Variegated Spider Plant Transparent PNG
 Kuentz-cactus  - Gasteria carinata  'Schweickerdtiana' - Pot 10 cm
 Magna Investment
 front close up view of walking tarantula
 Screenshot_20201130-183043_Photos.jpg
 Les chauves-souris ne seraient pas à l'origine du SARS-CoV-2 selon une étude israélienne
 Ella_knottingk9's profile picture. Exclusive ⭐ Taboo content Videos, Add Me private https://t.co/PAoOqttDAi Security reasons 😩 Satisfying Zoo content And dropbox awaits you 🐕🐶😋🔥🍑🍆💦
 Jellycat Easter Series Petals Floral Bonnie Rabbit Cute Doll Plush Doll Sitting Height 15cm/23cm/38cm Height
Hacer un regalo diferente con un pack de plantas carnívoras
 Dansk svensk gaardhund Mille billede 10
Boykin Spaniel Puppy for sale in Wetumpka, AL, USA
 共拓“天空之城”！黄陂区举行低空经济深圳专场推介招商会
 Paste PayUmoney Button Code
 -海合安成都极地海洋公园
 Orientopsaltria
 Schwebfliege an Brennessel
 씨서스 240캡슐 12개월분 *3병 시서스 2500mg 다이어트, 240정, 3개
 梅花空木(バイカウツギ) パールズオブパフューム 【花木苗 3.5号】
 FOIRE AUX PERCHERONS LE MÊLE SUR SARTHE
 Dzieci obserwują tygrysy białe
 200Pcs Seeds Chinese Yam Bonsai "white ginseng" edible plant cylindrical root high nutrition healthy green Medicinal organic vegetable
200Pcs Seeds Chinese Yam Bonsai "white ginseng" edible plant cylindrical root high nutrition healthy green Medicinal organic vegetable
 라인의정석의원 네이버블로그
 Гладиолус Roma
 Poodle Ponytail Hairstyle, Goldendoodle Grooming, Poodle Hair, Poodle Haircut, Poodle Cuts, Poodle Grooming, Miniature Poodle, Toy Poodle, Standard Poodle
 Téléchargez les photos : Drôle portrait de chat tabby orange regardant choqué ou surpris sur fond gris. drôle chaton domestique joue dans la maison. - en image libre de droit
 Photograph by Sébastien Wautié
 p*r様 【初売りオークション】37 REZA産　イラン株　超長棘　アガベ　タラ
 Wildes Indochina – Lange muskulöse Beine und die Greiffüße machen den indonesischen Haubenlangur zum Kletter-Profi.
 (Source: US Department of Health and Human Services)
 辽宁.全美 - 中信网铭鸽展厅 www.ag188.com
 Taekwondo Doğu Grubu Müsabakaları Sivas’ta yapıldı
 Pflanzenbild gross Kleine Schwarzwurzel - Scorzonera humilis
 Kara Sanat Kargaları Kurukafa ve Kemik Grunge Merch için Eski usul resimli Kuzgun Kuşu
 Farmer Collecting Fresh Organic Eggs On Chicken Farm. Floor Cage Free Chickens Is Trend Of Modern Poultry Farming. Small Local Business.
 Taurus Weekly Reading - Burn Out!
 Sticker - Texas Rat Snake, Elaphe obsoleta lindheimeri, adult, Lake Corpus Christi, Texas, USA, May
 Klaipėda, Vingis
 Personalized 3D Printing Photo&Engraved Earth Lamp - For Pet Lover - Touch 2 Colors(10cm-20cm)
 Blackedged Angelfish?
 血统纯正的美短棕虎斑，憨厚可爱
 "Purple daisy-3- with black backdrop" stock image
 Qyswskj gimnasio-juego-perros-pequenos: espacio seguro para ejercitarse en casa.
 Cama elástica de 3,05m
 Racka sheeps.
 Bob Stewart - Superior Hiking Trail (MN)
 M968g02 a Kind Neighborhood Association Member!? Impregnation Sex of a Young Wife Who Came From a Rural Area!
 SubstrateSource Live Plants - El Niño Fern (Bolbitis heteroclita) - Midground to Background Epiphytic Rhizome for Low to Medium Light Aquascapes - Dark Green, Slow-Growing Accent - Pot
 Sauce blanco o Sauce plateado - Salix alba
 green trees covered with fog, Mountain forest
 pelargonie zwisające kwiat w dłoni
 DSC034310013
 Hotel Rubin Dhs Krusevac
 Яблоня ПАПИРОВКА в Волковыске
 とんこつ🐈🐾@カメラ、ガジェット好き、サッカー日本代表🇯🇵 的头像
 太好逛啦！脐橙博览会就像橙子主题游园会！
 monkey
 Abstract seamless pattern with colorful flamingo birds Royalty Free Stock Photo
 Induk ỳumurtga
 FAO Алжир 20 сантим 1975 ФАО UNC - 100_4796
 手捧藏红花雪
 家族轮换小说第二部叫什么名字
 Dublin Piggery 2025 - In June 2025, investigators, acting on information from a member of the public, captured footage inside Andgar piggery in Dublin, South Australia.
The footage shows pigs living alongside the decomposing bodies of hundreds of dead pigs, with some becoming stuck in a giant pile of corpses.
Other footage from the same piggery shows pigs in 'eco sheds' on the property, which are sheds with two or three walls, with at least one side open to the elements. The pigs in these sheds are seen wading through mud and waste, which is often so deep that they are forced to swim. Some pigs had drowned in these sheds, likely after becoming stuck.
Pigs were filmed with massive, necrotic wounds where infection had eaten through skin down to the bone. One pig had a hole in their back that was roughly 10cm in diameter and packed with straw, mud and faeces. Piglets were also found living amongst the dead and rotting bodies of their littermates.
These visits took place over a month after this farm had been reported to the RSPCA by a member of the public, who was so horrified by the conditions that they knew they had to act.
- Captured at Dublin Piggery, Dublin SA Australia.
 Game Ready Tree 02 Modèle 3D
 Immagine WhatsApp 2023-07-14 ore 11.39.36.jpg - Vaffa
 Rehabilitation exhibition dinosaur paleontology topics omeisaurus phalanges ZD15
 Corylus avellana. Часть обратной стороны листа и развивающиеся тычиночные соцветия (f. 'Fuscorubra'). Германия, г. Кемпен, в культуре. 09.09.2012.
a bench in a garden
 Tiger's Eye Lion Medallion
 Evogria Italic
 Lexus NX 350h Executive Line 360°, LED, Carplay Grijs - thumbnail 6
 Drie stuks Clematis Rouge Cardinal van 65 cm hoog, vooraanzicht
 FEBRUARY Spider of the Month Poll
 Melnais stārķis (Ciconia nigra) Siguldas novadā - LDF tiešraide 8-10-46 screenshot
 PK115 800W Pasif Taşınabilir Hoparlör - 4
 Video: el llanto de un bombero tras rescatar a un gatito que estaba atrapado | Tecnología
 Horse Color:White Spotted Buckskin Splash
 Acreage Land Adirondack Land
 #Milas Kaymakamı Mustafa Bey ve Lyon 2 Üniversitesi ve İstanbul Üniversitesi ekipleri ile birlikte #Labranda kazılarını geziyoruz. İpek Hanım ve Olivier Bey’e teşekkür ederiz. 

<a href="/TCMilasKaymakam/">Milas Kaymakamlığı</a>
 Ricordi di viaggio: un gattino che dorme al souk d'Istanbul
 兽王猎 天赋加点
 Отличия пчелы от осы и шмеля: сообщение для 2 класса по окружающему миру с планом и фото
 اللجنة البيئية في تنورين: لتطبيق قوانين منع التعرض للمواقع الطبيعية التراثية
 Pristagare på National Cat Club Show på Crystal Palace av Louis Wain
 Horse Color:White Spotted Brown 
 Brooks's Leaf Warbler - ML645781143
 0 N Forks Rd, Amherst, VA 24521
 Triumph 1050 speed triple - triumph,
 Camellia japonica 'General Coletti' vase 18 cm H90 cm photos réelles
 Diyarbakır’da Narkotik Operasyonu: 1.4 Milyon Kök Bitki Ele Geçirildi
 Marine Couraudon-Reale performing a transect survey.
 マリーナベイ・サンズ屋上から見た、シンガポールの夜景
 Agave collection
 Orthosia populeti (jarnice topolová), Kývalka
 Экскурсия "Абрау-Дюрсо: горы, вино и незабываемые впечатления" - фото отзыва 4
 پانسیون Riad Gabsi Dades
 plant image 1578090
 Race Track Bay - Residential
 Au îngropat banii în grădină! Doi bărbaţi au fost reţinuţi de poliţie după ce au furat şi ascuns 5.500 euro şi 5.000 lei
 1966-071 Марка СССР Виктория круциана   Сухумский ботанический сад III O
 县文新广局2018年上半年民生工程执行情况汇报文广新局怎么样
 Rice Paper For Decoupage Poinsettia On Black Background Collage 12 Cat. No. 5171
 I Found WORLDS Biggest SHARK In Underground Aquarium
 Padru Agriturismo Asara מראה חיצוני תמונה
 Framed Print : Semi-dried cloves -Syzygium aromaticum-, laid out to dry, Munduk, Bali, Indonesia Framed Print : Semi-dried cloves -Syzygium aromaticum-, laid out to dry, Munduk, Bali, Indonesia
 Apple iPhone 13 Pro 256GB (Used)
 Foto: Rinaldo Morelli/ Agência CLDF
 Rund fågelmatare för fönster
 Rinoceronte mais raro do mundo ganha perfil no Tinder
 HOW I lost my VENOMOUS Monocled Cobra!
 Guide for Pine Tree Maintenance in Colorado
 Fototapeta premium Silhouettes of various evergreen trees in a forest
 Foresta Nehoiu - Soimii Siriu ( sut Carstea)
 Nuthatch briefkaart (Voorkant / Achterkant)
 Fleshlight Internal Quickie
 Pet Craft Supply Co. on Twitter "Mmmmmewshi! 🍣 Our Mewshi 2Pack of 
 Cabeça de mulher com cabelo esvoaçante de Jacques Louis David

* TASK TO CARRY OUT
Your answer should be the exact lines above from the one with "Farmer Collecting Fresh" through the one with "The footage shows", both included, and nothing besides.

* OUTPUT FOR THIS TASK
 Farmer Collecting Fresh Organic Eggs On Chicken Farm. Floor Cage Free Chickens Is Trend Of Modern Poultry Farming. Small Local Business.
 Taurus Weekly Reading - Burn Out!
 Sticker - Texas Rat Snake, Elaphe obsoleta lindheimeri, adult, Lake Corpus Christi, Texas, USA, May
 Klaipėda, Vingis
 Personalized 3D Printing Photo&Engraved Earth Lamp - For Pet Lover - Touch 2 Colors(10cm-20cm)
 Blackedged Angelfish?
 血统纯正的美短棕虎斑，憨厚可爱
 "Purple daisy-3- with black backdrop" stock image
 Qyswskj gimnasio-juego-perros-pequenos: espacio seguro para ejercitarse en casa.
 Cama elástica de 3,05m
 Racka sheeps.
 Bob Stewart - Superior Hiking Trail (MN)
 M968g02 a Kind Neighborhood Association Member!? Impregnation Sex of a Young Wife Who Came From a Rural Area!
 SubstrateSource Live Plants - El Niño Fern (Bolbitis heteroclita) - Midground to Background Epiphytic Rhizome for Low to Medium Light Aquascapes - Dark Green, Slow-Growing Accent - Pot
 Sauce blanco o Sauce plateado - Salix alba
 green trees covered with fog, Mountain forest
 pelargonie zwisające kwiat w dłoni
 DSC034310013
 Hotel Rubin Dhs Krusevac
 Яблоня ПАПИРОВКА в Волковыске
 とんこつ🐈🐾@カメラ、ガジェット好き、サッカー日本代表🇯🇵 的头像
 太好逛啦！脐橙博览会就像橙子主题游园会！
 monkey
 Abstract seamless pattern with colorful flamingo birds Royalty Free Stock Photo
 Induk ỳumurtga
 FAO Алжир 20 сантим 1975 ФАО UNC - 100_4796
 手捧藏红花雪
 家族轮换小说第二部叫什么名字
 Dublin Piggery 2025 - In June 2025, investigators, acting on information from a member of the public, captured footage inside Andgar piggery in Dublin, South Australia.
The footage shows pigs living alongside the decomposing bodies of hundreds of dead pigs, with some becoming stuck in a giant pile of corpses.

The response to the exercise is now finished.